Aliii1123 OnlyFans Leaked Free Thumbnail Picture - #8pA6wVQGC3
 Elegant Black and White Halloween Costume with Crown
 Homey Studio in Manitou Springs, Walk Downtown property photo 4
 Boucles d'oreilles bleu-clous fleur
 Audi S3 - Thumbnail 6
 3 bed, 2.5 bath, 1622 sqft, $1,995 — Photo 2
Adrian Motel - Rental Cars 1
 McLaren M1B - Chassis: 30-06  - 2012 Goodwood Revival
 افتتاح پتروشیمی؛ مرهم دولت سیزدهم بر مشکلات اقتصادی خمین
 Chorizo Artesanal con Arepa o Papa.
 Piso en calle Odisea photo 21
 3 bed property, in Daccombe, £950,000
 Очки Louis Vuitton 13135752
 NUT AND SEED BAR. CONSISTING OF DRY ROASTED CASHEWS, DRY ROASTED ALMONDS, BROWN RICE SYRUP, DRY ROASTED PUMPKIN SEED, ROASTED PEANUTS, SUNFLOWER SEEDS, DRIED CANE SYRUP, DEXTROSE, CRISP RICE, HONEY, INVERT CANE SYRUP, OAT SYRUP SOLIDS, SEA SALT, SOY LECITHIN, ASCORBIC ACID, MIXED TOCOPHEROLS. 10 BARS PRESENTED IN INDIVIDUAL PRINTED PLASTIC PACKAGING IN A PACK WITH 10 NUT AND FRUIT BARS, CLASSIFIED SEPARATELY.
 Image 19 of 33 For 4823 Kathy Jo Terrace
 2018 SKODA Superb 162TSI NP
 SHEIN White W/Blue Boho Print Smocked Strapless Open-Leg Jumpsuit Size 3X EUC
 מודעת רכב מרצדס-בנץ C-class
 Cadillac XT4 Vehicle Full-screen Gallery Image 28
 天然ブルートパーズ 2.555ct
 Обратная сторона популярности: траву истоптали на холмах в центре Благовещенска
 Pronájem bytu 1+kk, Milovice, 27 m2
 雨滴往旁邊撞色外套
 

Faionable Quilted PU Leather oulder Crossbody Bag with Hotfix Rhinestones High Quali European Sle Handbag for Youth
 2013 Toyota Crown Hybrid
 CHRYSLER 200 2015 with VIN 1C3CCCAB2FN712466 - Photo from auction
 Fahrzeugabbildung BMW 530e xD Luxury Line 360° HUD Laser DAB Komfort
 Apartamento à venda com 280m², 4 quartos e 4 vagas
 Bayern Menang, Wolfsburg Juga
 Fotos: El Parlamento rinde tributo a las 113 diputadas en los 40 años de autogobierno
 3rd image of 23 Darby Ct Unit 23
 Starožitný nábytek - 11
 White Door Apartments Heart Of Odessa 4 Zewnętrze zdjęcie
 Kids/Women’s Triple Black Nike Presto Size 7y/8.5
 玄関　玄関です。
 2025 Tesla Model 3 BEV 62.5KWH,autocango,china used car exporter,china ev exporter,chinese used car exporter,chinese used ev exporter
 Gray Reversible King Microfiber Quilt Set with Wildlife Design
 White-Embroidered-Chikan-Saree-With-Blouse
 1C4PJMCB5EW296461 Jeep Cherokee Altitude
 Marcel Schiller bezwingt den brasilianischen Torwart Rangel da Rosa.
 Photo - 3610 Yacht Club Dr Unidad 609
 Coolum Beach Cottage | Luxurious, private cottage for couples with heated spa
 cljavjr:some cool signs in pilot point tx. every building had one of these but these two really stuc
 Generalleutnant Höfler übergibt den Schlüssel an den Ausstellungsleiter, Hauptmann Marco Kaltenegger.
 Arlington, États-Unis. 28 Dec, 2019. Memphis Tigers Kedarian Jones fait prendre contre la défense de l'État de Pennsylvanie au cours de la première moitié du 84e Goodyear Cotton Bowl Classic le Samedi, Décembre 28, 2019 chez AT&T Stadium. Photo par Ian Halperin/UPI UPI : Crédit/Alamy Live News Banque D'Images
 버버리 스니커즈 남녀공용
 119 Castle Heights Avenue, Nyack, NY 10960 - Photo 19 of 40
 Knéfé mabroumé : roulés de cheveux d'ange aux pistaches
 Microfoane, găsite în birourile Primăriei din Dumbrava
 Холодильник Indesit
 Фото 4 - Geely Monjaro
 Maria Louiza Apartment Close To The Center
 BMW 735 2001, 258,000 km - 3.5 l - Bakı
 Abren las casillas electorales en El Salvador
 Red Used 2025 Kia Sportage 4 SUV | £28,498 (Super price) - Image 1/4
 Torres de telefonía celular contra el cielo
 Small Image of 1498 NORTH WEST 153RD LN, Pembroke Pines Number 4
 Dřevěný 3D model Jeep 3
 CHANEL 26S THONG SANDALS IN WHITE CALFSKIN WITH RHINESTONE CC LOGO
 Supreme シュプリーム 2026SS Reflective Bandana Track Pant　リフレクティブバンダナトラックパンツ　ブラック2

[Directions] Retype the complete listing verbatim.

[Response to this task]
Aliii1123 OnlyFans Leaked Free Thumbnail Picture - #8pA6wVQGC3
 Elegant Black and White Halloween Costume with Crown
 Homey Studio in Manitou Springs, Walk Downtown property photo 4
 Boucles d'oreilles bleu-clous fleur
 Audi S3 - Thumbnail 6
 3 bed, 2.5 bath, 1622 sqft, $1,995 — Photo 2
Adrian Motel - Rental Cars 1
 McLaren M1B - Chassis: 30-06  - 2012 Goodwood Revival
 افتتاح پتروشیمی؛ مرهم دولت سیزدهم بر مشکلات اقتصادی خمین
 Chorizo Artesanal con Arepa o Papa.
 Piso en calle Odisea photo 21
 3 bed property, in Daccombe, £950,000
 Очки Louis Vuitton 13135752
 NUT AND SEED BAR. CONSISTING OF DRY ROASTED CASHEWS, DRY ROASTED ALMONDS, BROWN RICE SYRUP, DRY ROASTED PUMPKIN SEED, ROASTED PEANUTS, SUNFLOWER SEEDS, DRIED CANE SYRUP, DEXTROSE, CRISP RICE, HONEY, INVERT CANE SYRUP, OAT SYRUP SOLIDS, SEA SALT, SOY LECITHIN, ASCORBIC ACID, MIXED TOCOPHEROLS. 10 BARS PRESENTED IN INDIVIDUAL PRINTED PLASTIC PACKAGING IN A PACK WITH 10 NUT AND FRUIT BARS, CLASSIFIED SEPARATELY.
 Image 19 of 33 For 4823 Kathy Jo Terrace
 2018 SKODA Superb 162TSI NP
 SHEIN White W/Blue Boho Print Smocked Strapless Open-Leg Jumpsuit Size 3X EUC
 מודעת רכב מרצדס-בנץ C-class
 Cadillac XT4 Vehicle Full-screen Gallery Image 28
 天然ブルートパーズ 2.555ct
 Обратная сторона популярности: траву истоптали на холмах в центре Благовещенска
 Pronájem bytu 1+kk, Milovice, 27 m2
 雨滴往旁邊撞色外套
 

Faionable Quilted PU Leather oulder Crossbody Bag with Hotfix Rhinestones High Quali European Sle Handbag for Youth
 2013 Toyota Crown Hybrid
 CHRYSLER 200 2015 with VIN 1C3CCCAB2FN712466 - Photo from auction
 Fahrzeugabbildung BMW 530e xD Luxury Line 360° HUD Laser DAB Komfort
 Apartamento à venda com 280m², 4 quartos e 4 vagas
 Bayern Menang, Wolfsburg Juga
 Fotos: El Parlamento rinde tributo a las 113 diputadas en los 40 años de autogobierno
 3rd image of 23 Darby Ct Unit 23
 Starožitný nábytek - 11
 White Door Apartments Heart Of Odessa 4 Zewnętrze zdjęcie
 Kids/Women’s Triple Black Nike Presto Size 7y/8.5
 玄関　玄関です。
 2025 Tesla Model 3 BEV 62.5KWH,autocango,china used car exporter,china ev exporter,chinese used car exporter,chinese used ev exporter
 Gray Reversible King Microfiber Quilt Set with Wildlife Design
 White-Embroidered-Chikan-Saree-With-Blouse
 1C4PJMCB5EW296461 Jeep Cherokee Altitude
 Marcel Schiller bezwingt den brasilianischen Torwart Rangel da Rosa.
 Photo - 3610 Yacht Club Dr Unidad 609
 Coolum Beach Cottage | Luxurious, private cottage for couples with heated spa
 cljavjr:some cool signs in pilot point tx. every building had one of these but these two really stuc
 Generalleutnant Höfler übergibt den Schlüssel an den Ausstellungsleiter, Hauptmann Marco Kaltenegger.
 Arlington, États-Unis. 28 Dec, 2019. Memphis Tigers Kedarian Jones fait prendre contre la défense de l'État de Pennsylvanie au cours de la première moitié du 84e Goodyear Cotton Bowl Classic le Samedi, Décembre 28, 2019 chez AT&T Stadium. Photo par Ian Halperin/UPI UPI : Crédit/Alamy Live News Banque D'Images
 버버리 스니커즈 남녀공용
 119 Castle Heights Avenue, Nyack, NY 10960 - Photo 19 of 40
 Knéfé mabroumé : roulés de cheveux d'ange aux pistaches
 Microfoane, găsite în birourile Primăriei din Dumbrava
 Холодильник Indesit
 Фото 4 - Geely Monjaro
 Maria Louiza Apartment Close To The Center
 BMW 735 2001, 258,000 km - 3.5 l - Bakı
 Abren las casillas electorales en El Salvador
 Red Used 2025 Kia Sportage 4 SUV | £28,498 (Super price) - Image 1/4
 Torres de telefonía celular contra el cielo
 Small Image of 1498 NORTH WEST 153RD LN, Pembroke Pines Number 4
 Dřevěný 3D model Jeep 3
 CHANEL 26S THONG SANDALS IN WHITE CALFSKIN WITH RHINESTONE CC LOGO
 Supreme シュプリーム 2026SS Reflective Bandana Track Pant　リフレクティブバンダナトラックパンツ　ブラック2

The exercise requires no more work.